• **Instructions to follow**
For this exercise, repeat each entry exactly as written.

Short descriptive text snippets
_ _ _ _

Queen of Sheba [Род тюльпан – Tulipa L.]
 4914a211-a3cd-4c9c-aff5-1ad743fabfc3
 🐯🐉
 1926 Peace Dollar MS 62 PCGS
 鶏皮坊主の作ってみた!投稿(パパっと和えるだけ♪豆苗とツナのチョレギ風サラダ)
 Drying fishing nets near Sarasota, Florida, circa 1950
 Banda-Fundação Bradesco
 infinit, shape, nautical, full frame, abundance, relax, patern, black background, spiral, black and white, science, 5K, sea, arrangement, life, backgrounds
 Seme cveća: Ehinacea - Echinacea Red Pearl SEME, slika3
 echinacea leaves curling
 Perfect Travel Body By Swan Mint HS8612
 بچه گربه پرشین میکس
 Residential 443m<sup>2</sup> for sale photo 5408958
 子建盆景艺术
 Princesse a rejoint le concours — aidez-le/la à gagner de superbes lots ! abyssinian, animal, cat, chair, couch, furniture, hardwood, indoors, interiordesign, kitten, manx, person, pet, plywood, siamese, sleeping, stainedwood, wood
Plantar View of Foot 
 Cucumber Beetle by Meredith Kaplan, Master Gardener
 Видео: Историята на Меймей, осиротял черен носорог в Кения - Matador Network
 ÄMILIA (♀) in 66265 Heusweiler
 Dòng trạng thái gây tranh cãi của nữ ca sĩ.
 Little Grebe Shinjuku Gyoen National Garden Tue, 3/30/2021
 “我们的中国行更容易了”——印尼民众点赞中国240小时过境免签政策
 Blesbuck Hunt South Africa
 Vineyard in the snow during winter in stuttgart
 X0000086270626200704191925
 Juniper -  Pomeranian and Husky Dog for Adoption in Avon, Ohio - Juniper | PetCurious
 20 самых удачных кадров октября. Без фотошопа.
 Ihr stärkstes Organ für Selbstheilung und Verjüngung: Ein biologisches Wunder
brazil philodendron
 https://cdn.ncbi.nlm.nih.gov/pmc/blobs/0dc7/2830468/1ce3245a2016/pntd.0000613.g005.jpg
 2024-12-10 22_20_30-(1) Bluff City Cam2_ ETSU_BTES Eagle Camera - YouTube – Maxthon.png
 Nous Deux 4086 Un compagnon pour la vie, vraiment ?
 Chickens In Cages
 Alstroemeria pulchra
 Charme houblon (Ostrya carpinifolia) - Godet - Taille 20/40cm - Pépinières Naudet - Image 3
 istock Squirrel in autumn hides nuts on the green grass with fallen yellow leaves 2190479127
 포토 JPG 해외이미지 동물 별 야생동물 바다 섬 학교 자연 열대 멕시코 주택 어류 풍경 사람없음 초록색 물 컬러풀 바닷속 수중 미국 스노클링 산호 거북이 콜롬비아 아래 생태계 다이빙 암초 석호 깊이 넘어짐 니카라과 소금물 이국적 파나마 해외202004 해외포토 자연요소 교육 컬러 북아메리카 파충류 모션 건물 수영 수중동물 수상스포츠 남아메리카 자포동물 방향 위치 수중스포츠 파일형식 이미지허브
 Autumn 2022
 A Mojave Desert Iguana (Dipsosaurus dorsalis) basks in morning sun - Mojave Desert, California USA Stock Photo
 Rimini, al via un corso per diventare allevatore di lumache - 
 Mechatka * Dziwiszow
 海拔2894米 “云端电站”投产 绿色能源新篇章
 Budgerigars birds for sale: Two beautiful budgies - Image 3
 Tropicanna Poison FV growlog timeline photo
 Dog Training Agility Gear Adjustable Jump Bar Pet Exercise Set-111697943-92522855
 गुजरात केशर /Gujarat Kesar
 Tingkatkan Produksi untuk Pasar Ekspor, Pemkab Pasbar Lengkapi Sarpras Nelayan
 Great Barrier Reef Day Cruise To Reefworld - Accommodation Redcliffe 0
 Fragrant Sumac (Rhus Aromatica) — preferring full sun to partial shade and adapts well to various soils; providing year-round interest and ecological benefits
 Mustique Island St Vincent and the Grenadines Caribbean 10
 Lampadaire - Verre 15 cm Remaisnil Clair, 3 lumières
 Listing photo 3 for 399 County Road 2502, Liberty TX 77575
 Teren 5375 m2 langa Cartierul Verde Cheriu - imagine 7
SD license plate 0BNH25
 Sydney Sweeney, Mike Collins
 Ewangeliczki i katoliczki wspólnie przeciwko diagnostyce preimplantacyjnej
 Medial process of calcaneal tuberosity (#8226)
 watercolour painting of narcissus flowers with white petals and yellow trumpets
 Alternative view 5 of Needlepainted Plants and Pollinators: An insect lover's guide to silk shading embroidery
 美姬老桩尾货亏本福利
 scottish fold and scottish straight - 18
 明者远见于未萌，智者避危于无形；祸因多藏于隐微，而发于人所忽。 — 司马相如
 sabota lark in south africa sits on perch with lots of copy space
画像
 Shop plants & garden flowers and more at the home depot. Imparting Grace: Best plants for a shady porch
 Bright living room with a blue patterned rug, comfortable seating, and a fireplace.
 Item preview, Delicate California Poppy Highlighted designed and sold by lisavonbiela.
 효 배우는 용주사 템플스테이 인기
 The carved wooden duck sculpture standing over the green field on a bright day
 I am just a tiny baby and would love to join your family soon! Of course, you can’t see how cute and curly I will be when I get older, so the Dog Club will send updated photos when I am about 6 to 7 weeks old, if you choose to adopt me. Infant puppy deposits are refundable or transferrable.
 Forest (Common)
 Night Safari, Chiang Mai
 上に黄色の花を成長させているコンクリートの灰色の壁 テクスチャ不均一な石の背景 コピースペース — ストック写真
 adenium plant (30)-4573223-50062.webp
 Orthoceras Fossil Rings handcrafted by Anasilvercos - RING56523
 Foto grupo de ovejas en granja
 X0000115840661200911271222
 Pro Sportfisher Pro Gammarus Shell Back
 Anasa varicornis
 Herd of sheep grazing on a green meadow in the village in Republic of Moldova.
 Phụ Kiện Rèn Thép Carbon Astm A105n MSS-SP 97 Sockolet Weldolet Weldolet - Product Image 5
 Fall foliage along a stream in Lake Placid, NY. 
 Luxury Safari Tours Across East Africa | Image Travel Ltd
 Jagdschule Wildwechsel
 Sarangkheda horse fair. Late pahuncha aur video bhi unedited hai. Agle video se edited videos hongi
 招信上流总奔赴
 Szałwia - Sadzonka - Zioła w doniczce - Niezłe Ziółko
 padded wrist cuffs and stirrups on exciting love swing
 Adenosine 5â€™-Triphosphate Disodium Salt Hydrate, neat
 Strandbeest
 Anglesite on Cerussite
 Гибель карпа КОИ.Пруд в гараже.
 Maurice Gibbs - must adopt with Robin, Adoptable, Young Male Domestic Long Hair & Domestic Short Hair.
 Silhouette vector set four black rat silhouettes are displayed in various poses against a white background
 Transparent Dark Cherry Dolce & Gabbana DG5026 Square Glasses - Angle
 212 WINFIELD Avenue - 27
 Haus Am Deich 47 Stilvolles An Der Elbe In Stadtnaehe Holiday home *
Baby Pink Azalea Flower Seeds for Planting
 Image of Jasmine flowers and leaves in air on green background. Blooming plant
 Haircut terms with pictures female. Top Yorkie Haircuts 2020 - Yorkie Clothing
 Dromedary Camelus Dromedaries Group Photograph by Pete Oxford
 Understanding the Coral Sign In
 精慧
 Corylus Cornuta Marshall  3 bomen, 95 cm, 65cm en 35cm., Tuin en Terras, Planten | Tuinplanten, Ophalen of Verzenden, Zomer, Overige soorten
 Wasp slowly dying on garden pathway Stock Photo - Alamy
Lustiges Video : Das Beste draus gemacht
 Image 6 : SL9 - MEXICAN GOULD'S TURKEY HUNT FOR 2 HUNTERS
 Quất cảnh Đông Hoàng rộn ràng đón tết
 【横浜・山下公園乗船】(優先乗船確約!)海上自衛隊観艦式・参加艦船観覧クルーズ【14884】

_ _ _ _

• **Output below**
Queen of Sheba [Род тюльпан – Tulipa L.]
 4914a211-a3cd-4c9c-aff5-1ad743fabfc3
 🐯🐉
 1926 Peace Dollar MS 62 PCGS
 鶏皮坊主の作ってみた!投稿(パパっと和えるだけ♪豆苗とツナのチョレギ風サラダ)
 Drying fishing nets near Sarasota, Florida, circa 1950
 Banda-Fundação Bradesco
 infinit, shape, nautical, full frame, abundance, relax, patern, black background, spiral, black and white, science, 5K, sea, arrangement, life, backgrounds
 Seme cveća: Ehinacea - Echinacea Red Pearl SEME, slika3
 echinacea leaves curling
 Perfect Travel Body By Swan Mint HS8612
 بچه گربه پرشین میکس
 Residential 443m<sup>2</sup> for sale photo 5408958
 子建盆景艺术
 Princesse a rejoint le concours — aidez-le/la à gagner de superbes lots ! abyssinian, animal, cat, chair, couch, furniture, hardwood, indoors, interiordesign, kitten, manx, person, pet, plywood, siamese, sleeping, stainedwood, wood
Plantar View of Foot 
 Cucumber Beetle by Meredith Kaplan, Master Gardener
 Видео: Историята на Меймей, осиротял черен носорог в Кения - Matador Network
 ÄMILIA (♀) in 66265 Heusweiler
 Dòng trạng thái gây tranh cãi của nữ ca sĩ.
 Little Grebe Shinjuku Gyoen National Garden Tue, 3/30/2021
 “我们的中国行更容易了”——印尼民众点赞中国240小时过境免签政策
 Blesbuck Hunt South Africa
 Vineyard in the snow during winter in stuttgart
 X0000086270626200704191925
 Juniper -  Pomeranian and Husky Dog for Adoption in Avon, Ohio - Juniper | PetCurious
 20 самых удачных кадров октября. Без фотошопа.
 Ihr stärkstes Organ für Selbstheilung und Verjüngung: Ein biologisches Wunder
brazil philodendron
 https://cdn.ncbi.nlm.nih.gov/pmc/blobs/0dc7/2830468/1ce3245a2016/pntd.0000613.g005.jpg
 2024-12-10 22_20_30-(1) Bluff City Cam2_ ETSU_BTES Eagle Camera - YouTube – Maxthon.png
 Nous Deux 4086 Un compagnon pour la vie, vraiment ?
 Chickens In Cages
 Alstroemeria pulchra
 Charme houblon (Ostrya carpinifolia) - Godet - Taille 20/40cm - Pépinières Naudet - Image 3
 istock Squirrel in autumn hides nuts on the green grass with fallen yellow leaves 2190479127
 포토 JPG 해외이미지 동물 별 야생동물 바다 섬 학교 자연 열대 멕시코 주택 어류 풍경 사람없음 초록색 물 컬러풀 바닷속 수중 미국 스노클링 산호 거북이 콜롬비아 아래 생태계 다이빙 암초 석호 깊이 넘어짐 니카라과 소금물 이국적 파나마 해외202004 해외포토 자연요소 교육 컬러 북아메리카 파충류 모션 건물 수영 수중동물 수상스포츠 남아메리카 자포동물 방향 위치 수중스포츠 파일형식 이미지허브
 Autumn 2022
 A Mojave Desert Iguana (Dipsosaurus dorsalis) basks in morning sun - Mojave Desert, California USA Stock Photo
 Rimini, al via un corso per diventare allevatore di lumache - 
 Mechatka * Dziwiszow
 海拔2894米 “云端电站”投产 绿色能源新篇章
 Budgerigars birds for sale: Two beautiful budgies - Image 3
 Tropicanna Poison FV growlog timeline photo
 Dog Training Agility Gear Adjustable Jump Bar Pet Exercise Set-111697943-92522855
 गुजरात केशर /Gujarat Kesar
 Tingkatkan Produksi untuk Pasar Ekspor, Pemkab Pasbar Lengkapi Sarpras Nelayan
 Great Barrier Reef Day Cruise To Reefworld - Accommodation Redcliffe 0
 Fragrant Sumac (Rhus Aromatica) — preferring full sun to partial shade and adapts well to various soils; providing year-round interest and ecological benefits
 Mustique Island St Vincent and the Grenadines Caribbean 10
 Lampadaire - Verre 15 cm Remaisnil Clair, 3 lumières
 Listing photo 3 for 399 County Road 2502, Liberty TX 77575
 Teren 5375 m2 langa Cartierul Verde Cheriu - imagine 7
SD license plate 0BNH25
 Sydney Sweeney, Mike Collins
 Ewangeliczki i katoliczki wspólnie przeciwko diagnostyce preimplantacyjnej
 Medial process of calcaneal tuberosity (#8226)
 watercolour painting of narcissus flowers with white petals and yellow trumpets
 Alternative view 5 of Needlepainted Plants and Pollinators: An insect lover's guide to silk shading embroidery
 美姬老桩尾货亏本福利
 scottish fold and scottish straight - 18
 明者远见于未萌，智者避危于无形；祸因多藏于隐微，而发于人所忽。 — 司马相如
 sabota lark in south africa sits on perch with lots of copy space
画像
 Shop plants & garden flowers and more at the home depot. Imparting Grace: Best plants for a shady porch
 Bright living room with a blue patterned rug, comfortable seating, and a fireplace.
 Item preview, Delicate California Poppy Highlighted designed and sold by lisavonbiela.
 효 배우는 용주사 템플스테이 인기
 The carved wooden duck sculpture standing over the green field on a bright day
 I am just a tiny baby and would love to join your family soon! Of course, you can’t see how cute and curly I will be when I get older, so the Dog Club will send updated photos when I am about 6 to 7 weeks old, if you choose to adopt me. Infant puppy deposits are refundable or transferrable.
 Forest (Common)
 Night Safari, Chiang Mai
 上に黄色の花を成長させているコンクリートの灰色の壁 テクスチャ不均一な石の背景 コピースペース — ストック写真
 adenium plant (30)-4573223-50062.webp
 Orthoceras Fossil Rings handcrafted by Anasilvercos - RING56523
 Foto grupo de ovejas en granja
 X0000115840661200911271222
 Pro Sportfisher Pro Gammarus Shell Back
 Anasa varicornis
 Herd of sheep grazing on a green meadow in the village in Republic of Moldova.
 Phụ Kiện Rèn Thép Carbon Astm A105n MSS-SP 97 Sockolet Weldolet Weldolet - Product Image 5
 Fall foliage along a stream in Lake Placid, NY. 
 Luxury Safari Tours Across East Africa | Image Travel Ltd
 Jagdschule Wildwechsel
 Sarangkheda horse fair. Late pahuncha aur video bhi unedited hai. Agle video se edited videos hongi
 招信上流总奔赴
 Szałwia - Sadzonka - Zioła w doniczce - Niezłe Ziółko
 padded wrist cuffs and stirrups on exciting love swing
 Adenosine 5â€™-Triphosphate Disodium Salt Hydrate, neat
 Strandbeest
 Anglesite on Cerussite
 Гибель карпа КОИ.Пруд в гараже.
 Maurice Gibbs - must adopt with Robin, Adoptable, Young Male Domestic Long Hair & Domestic Short Hair.
 Silhouette vector set four black rat silhouettes are displayed in various poses against a white background
 Transparent Dark Cherry Dolce & Gabbana DG5026 Square Glasses - Angle
 212 WINFIELD Avenue - 27
 Haus Am Deich 47 Stilvolles An Der Elbe In Stadtnaehe Holiday home *
Baby Pink Azalea Flower Seeds for Planting
 Image of Jasmine flowers and leaves in air on green background. Blooming plant
 Haircut terms with pictures female. Top Yorkie Haircuts 2020 - Yorkie Clothing
 Dromedary Camelus Dromedaries Group Photograph by Pete Oxford
 Understanding the Coral Sign In
 精慧
 Corylus Cornuta Marshall  3 bomen, 95 cm, 65cm en 35cm., Tuin en Terras, Planten | Tuinplanten, Ophalen of Verzenden, Zomer, Overige soorten
 Wasp slowly dying on garden pathway Stock Photo - Alamy
Lustiges Video : Das Beste draus gemacht
 Image 6 : SL9 - MEXICAN GOULD'S TURKEY HUNT FOR 2 HUNTERS
 Quất cảnh Đông Hoàng rộn ràng đón tết
 【横浜・山下公園乗船】(優先乗船確約!)海上自衛隊観艦式・参加艦船観覧クルーズ【14884】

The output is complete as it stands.